One man told us of the fundamental changes in his life and that of his family’s, as when I first met him he was depressed about having to leave his country and was adamant about returning to Syria before winter despite the situation. He told us that the PSS sessions helped him become more optimistic, attain a sense of stability, and enjoy the simple pleasures of life. His life has also become more organized as his children registered in schools and were able to adapt to their new environment.
Moreover, there was a woman who suffered from loneliness and isolation from society, living far away from other members in society she was unable to make any social connections. With the PSS sessions, she became closer to the other women members of the group, in regular contact with them, they support her and she supports them in return, and the frown she constantly had now turned into smiles that light up her face.
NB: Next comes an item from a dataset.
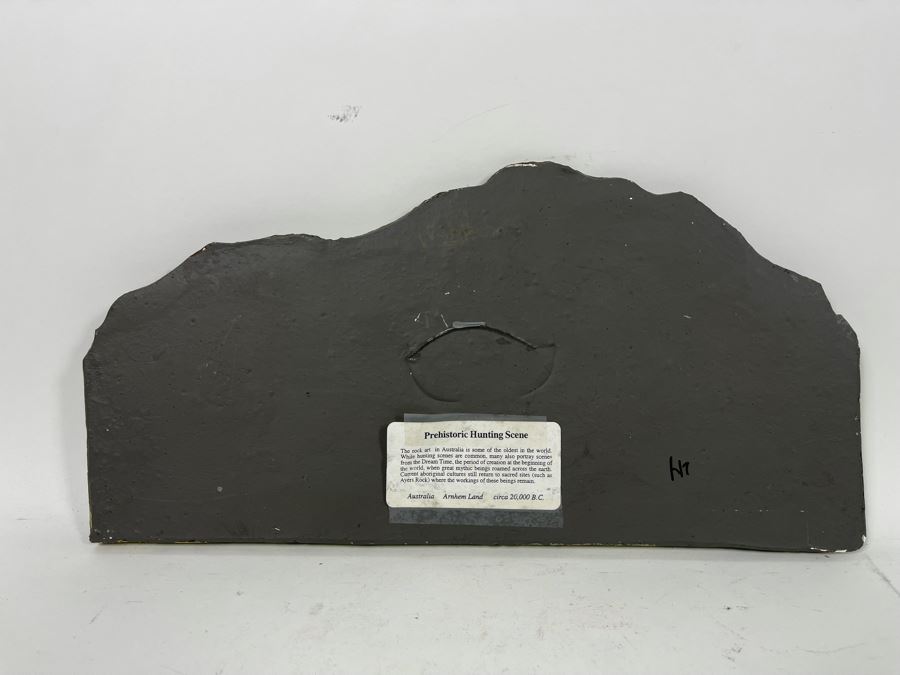 Reproduction Wall Sculpture Of Australia Arnhem Land Prehistoric Hunting Scene 18W X 9H [Photo 5]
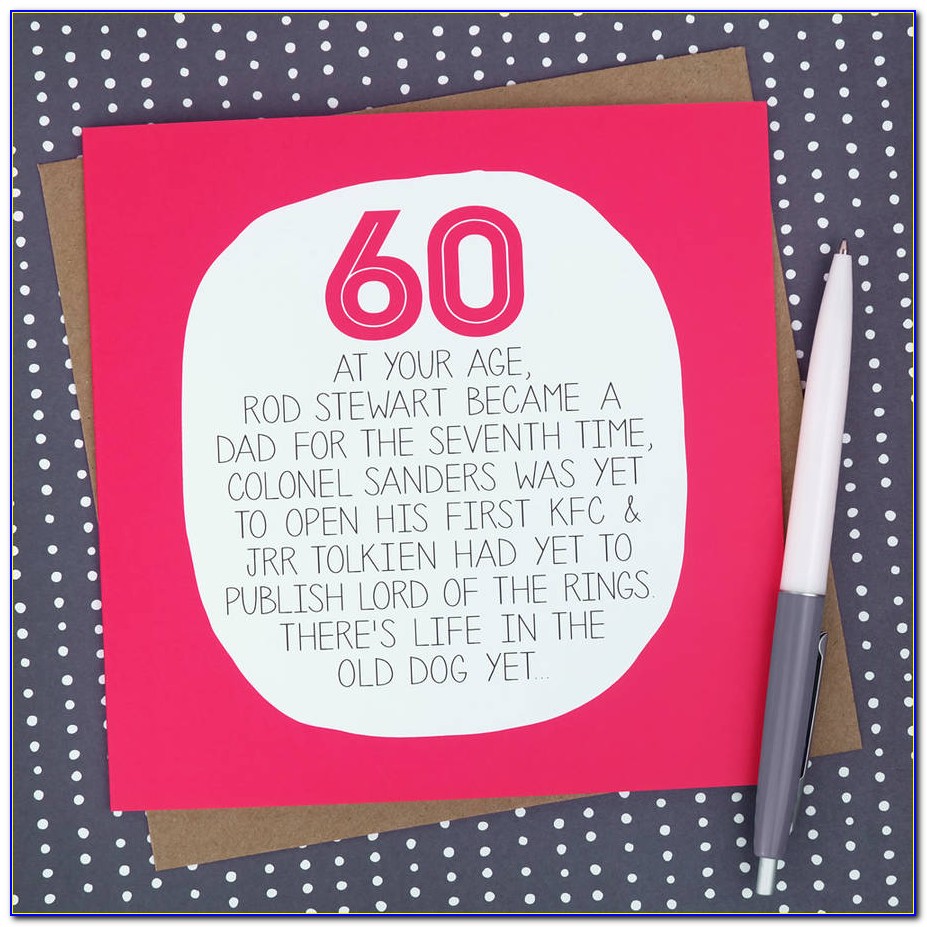 Funny Birthday Cards For Her 60th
There are many more examples from members of those groups, and they all hold a promise of improved lives for those people. The changes that the PSS sessions made are incredible, this pushes me to reflect on this service and try to analyze the reasons behind this force for change. Perhaps it’s the positive energy that’s created by the members who now feel that there’s someone out there who cares about them, their feelings, and their pain. It might also be the chance that they get to express themselves and make realizations of what they have to change to improve their lives. Or it could be attributed to the exchange of experiences with others going through similar problems, which helped create momentum towards living again. It is also possible that psychological pressures prohibit us from seeing clearly the solutions that we have, and all we need is a candle to light our way through the darkness of pain.
Whatever the reasons might be, the results of this service are real and tangible. It is all thanks to the efforts of those who can light a candle for someone lost in the dark, supporting them along the way.